__TASK GOAL__. Every line from the one holding "8200214936 Botón de" through the one holding "12 Photograph of" in the data below must be returned exactly, both ends included, with pictures left out and nothing else added.

__DATA TO USE__.
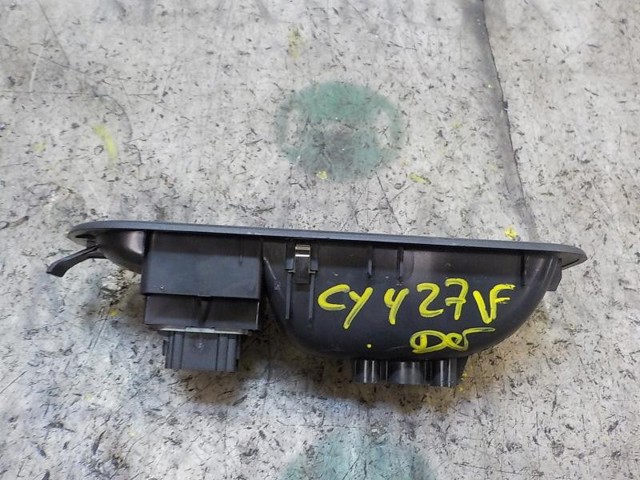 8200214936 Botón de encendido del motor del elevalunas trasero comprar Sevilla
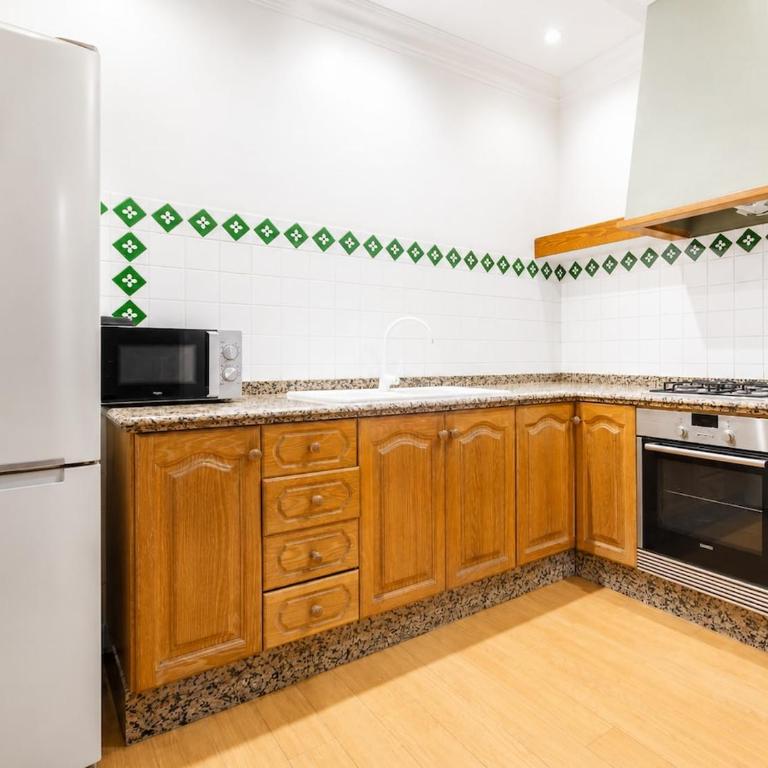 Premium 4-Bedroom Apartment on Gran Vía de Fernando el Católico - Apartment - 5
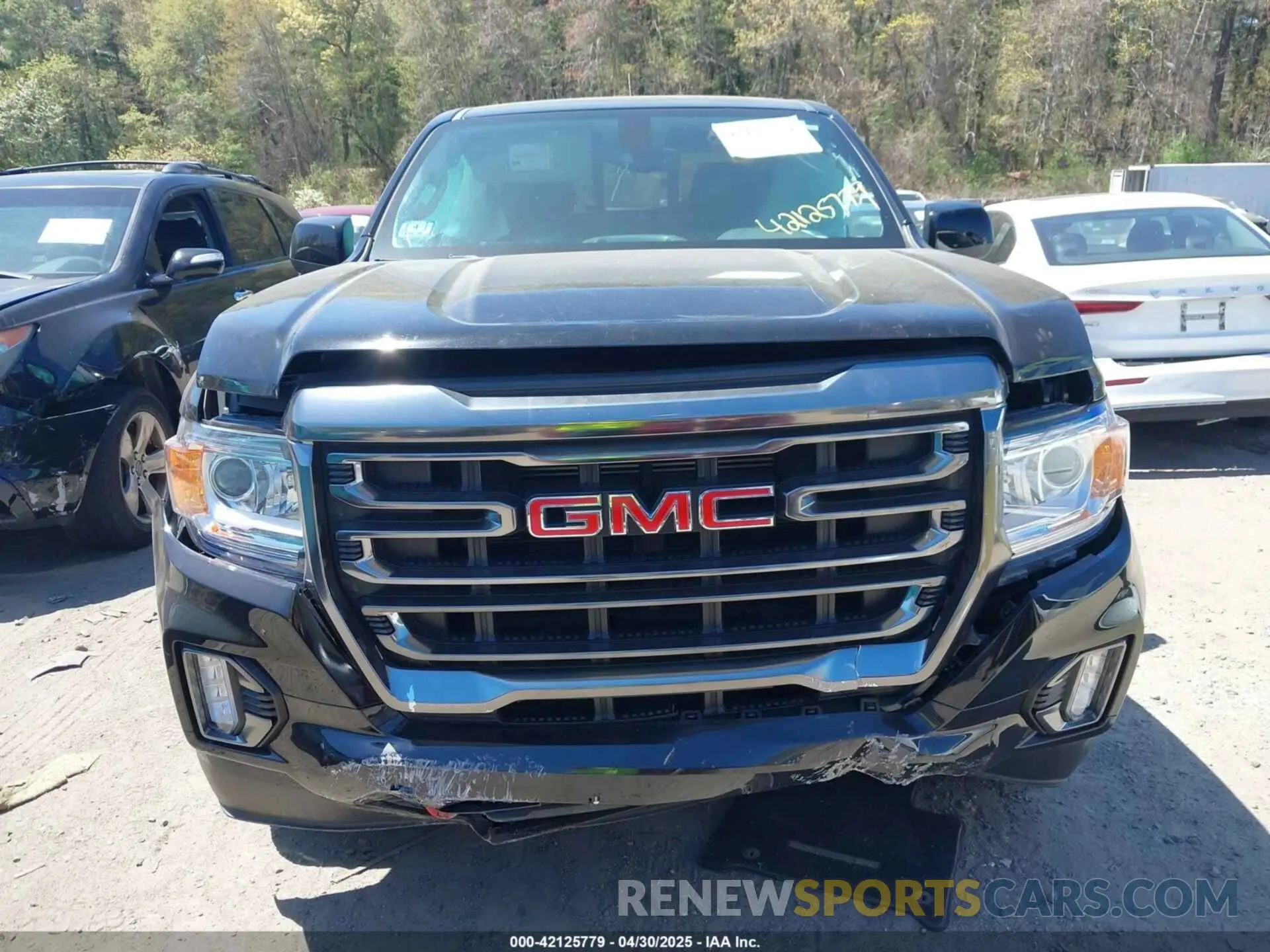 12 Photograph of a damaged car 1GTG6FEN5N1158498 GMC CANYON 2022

* * *

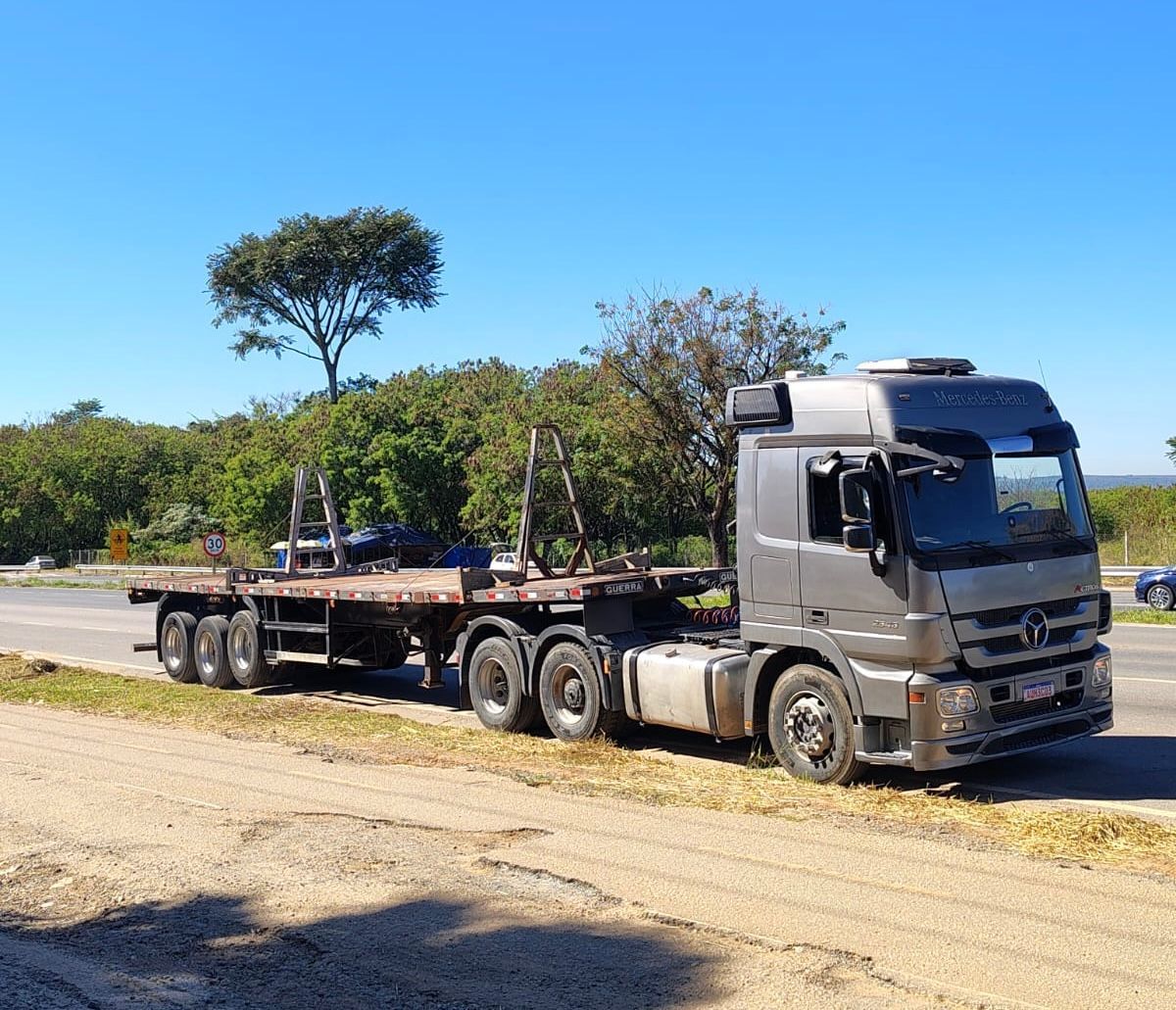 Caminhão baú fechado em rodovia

---

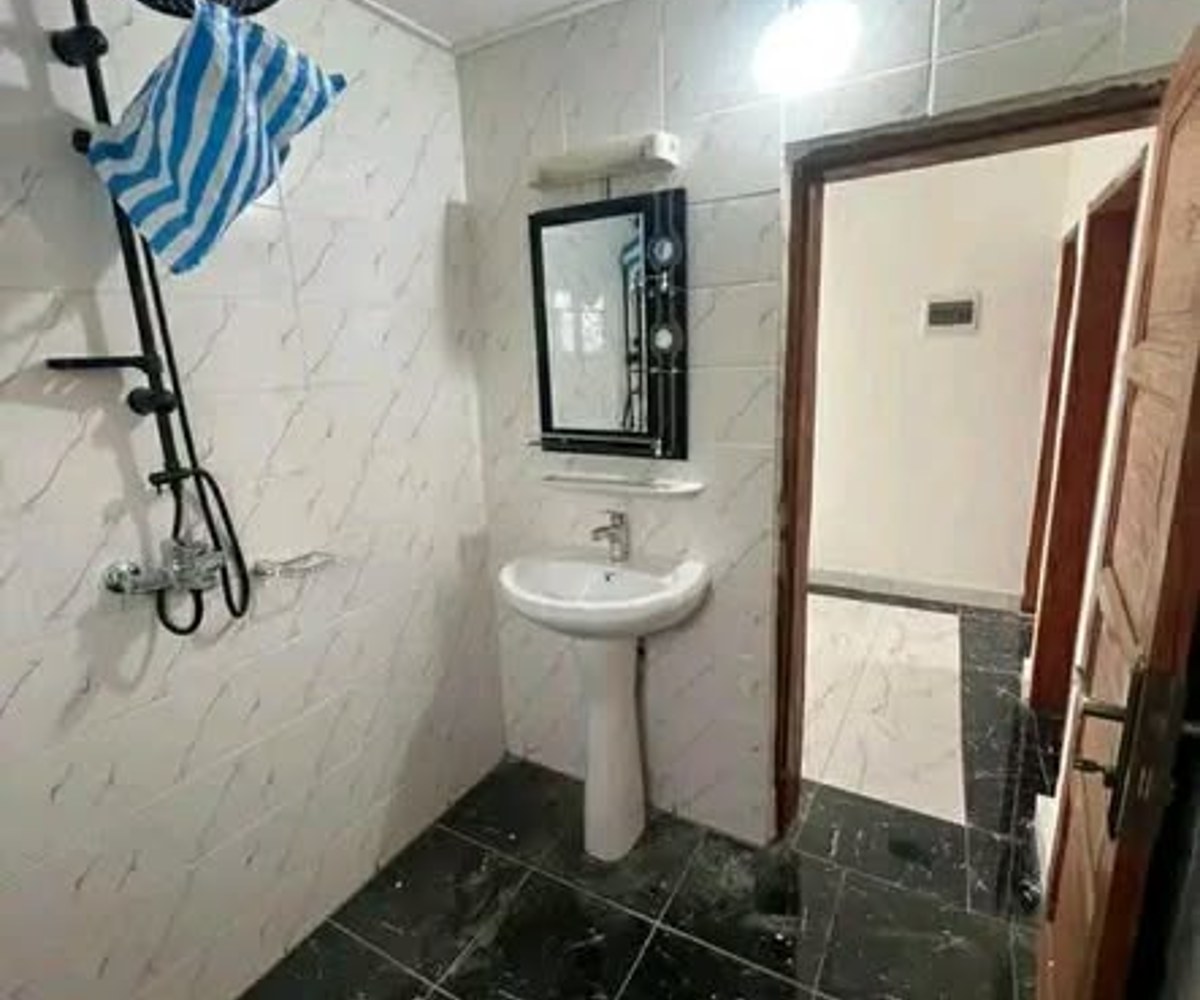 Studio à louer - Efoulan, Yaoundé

__YOUR RESPONSE__.
 8200214936 Botón de encendido del motor del elevalunas trasero comprar Sevilla
 Premium 4-Bedroom Apartment on Gran Vía de Fernando el Católico - Apartment - 5
 12 Photograph of a damaged car 1GTG6FEN5N1158498 GMC CANYON 2022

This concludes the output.